I have very stupid problem here... My submit button wont set ..... Don't know what is problem... I have many same things on different pages and with different names... But for this it wont work .... Anyone help?

:::::::::::::::::::UPDATE:::::::::::::::::::::::

I did it with moving update code to another file and at action set that file...

StupidProgrammer
  • 13
  • 3

4 Answers4

0

You doesn't set any values to submit to the server.

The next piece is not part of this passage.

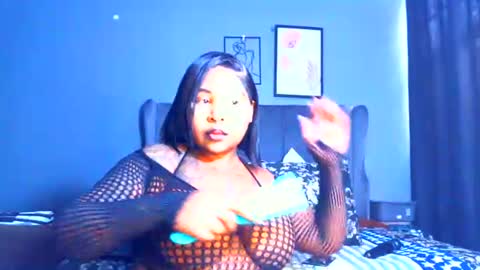 Snapshot of pearlblu38 chatting on July 23, 2026, 10:02 am Pearl online show from July 23, 2026, 10:02 am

You have to change the form like this:

<center>
<form action="" method="POST">
<input type="hidden" name="slj" value="1">
<input type="submit" value="Seen" style="background: rgba(255,255,255, 0); ">
</form>
</center>

A value in the submit button is just the text printed on the button. You have to set another hidden input value and that will be sent.
Also it could be heplful to change the action to "".

KIMB-technologies
  • 904
  • 6
  • 14
  • why does it work on other forms i will update question in 1h with other forms where it works perfect.... even if i remove isset and leave just if($button) it wont work.... – StupidProgrammer Mar 26 '16 at 09:05
  • I don't think that is the problem, i checked the code without `hidden` input and it works. – Ala Alam Falaki Mar 26 '16 at 09:10
0

A submit button alone isn't enough to post a value. You should use a form field like a hidden input to post your data. I made this stupid mistake also.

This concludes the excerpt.